ASSIGNMENT
Once you find the line with "Mietunterkunft - Hütte" in the listing below, set down exactly every line from it through the line with "Dependance Specchia With", but no pictures.

MATERIAL FOR THE TASK
"""
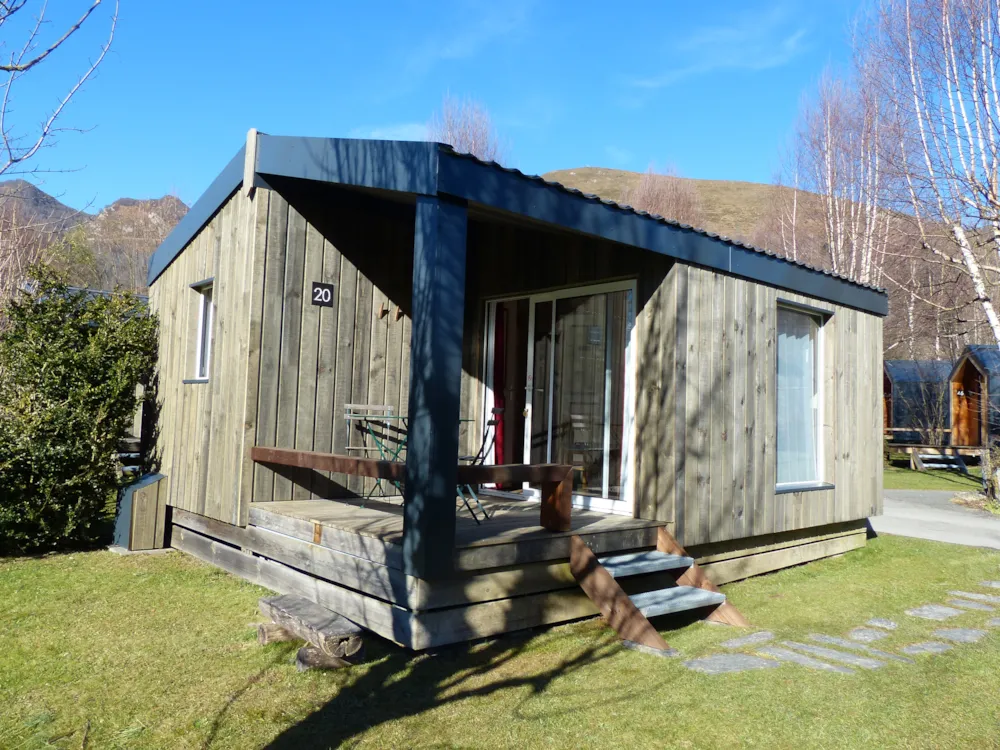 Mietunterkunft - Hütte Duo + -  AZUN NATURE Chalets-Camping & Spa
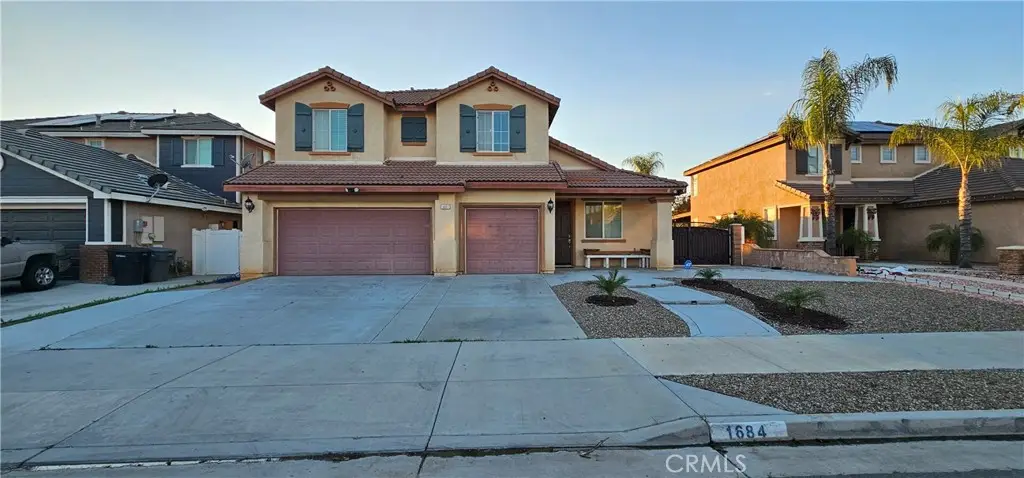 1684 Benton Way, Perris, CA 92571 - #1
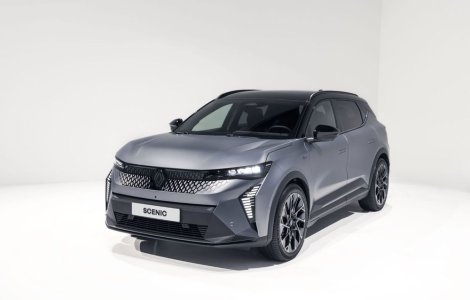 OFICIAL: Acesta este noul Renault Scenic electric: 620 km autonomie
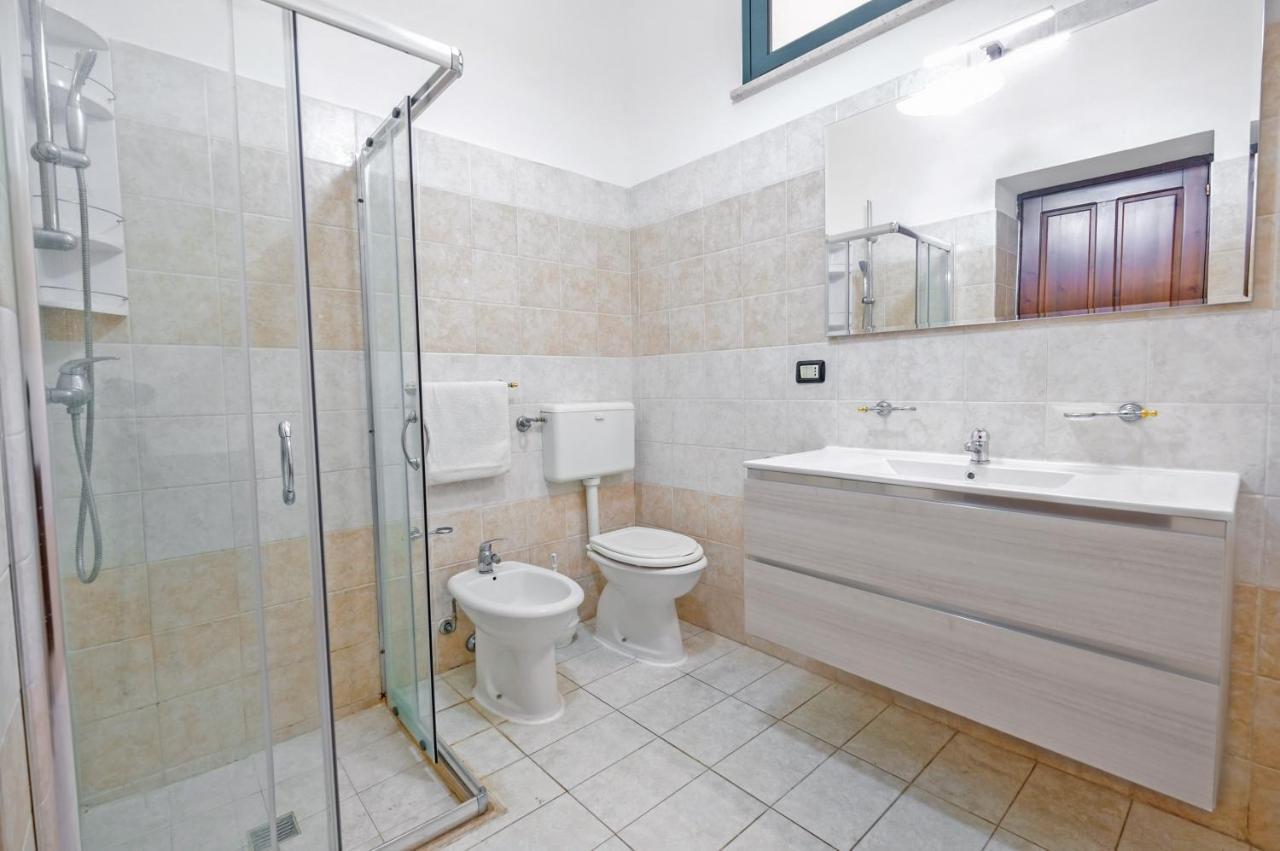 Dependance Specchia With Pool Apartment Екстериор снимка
"""
"""
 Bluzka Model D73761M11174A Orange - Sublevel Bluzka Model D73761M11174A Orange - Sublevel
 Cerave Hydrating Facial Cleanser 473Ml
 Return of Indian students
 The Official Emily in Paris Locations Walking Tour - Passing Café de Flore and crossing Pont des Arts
"""
"""
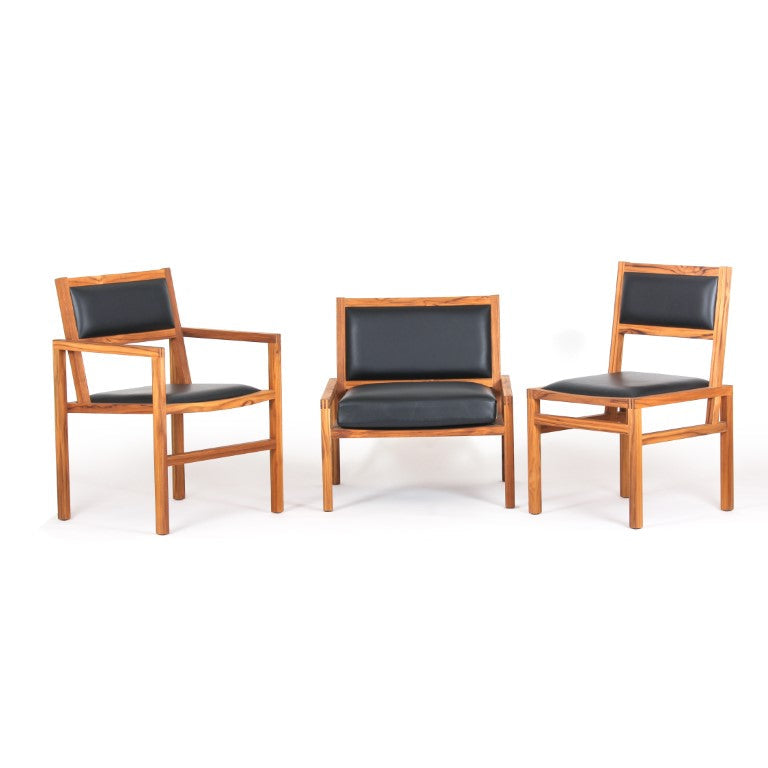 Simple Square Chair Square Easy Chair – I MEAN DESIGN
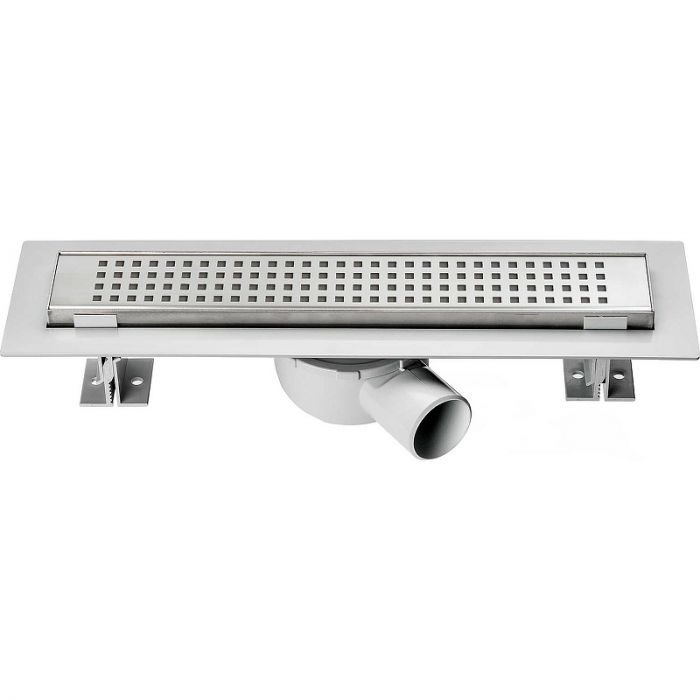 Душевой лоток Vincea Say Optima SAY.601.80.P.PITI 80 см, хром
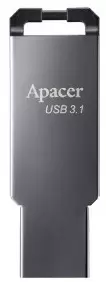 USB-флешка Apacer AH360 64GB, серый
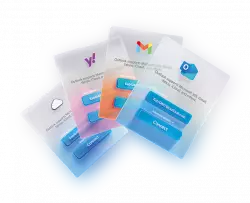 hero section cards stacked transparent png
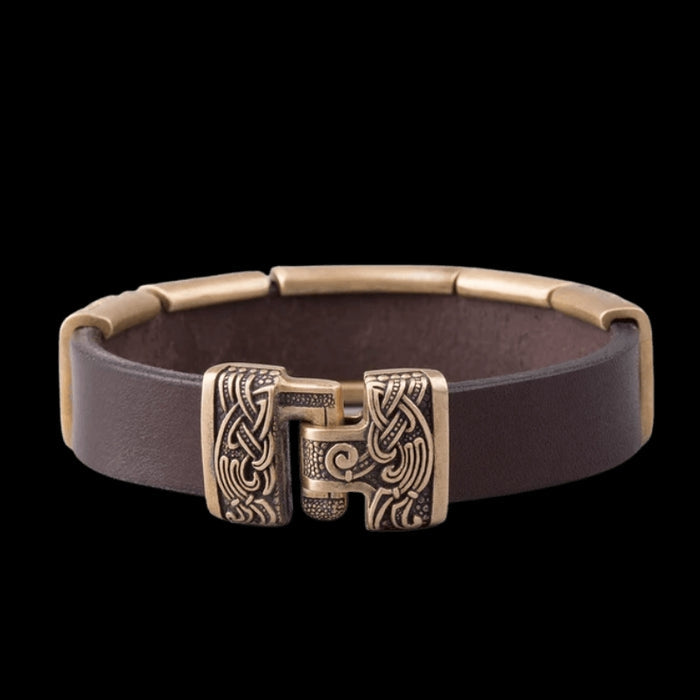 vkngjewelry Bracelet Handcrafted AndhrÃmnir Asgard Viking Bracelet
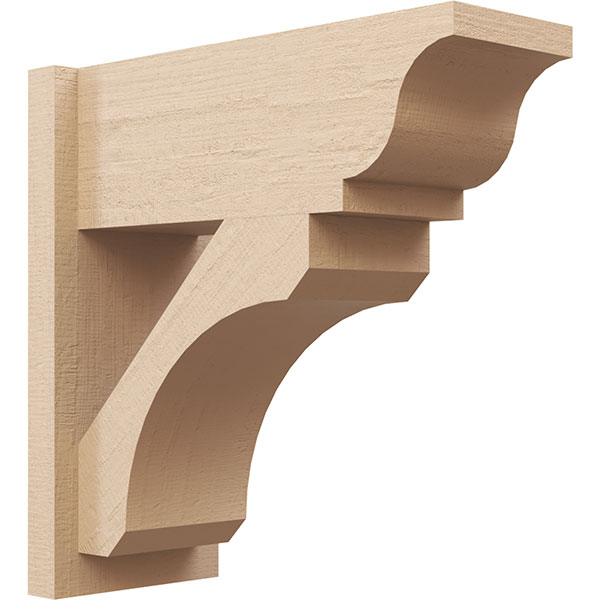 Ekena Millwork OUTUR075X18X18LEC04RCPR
"""
EXERCISE ANSWER
 Mietunterkunft - Hütte Duo + -  AZUN NATURE Chalets-Camping & Spa
 1684 Benton Way, Perris, CA 92571 - #1
 OFICIAL: Acesta este noul Renault Scenic electric: 620 km autonomie
 Dependance Specchia With Pool Apartment Екстериор снимка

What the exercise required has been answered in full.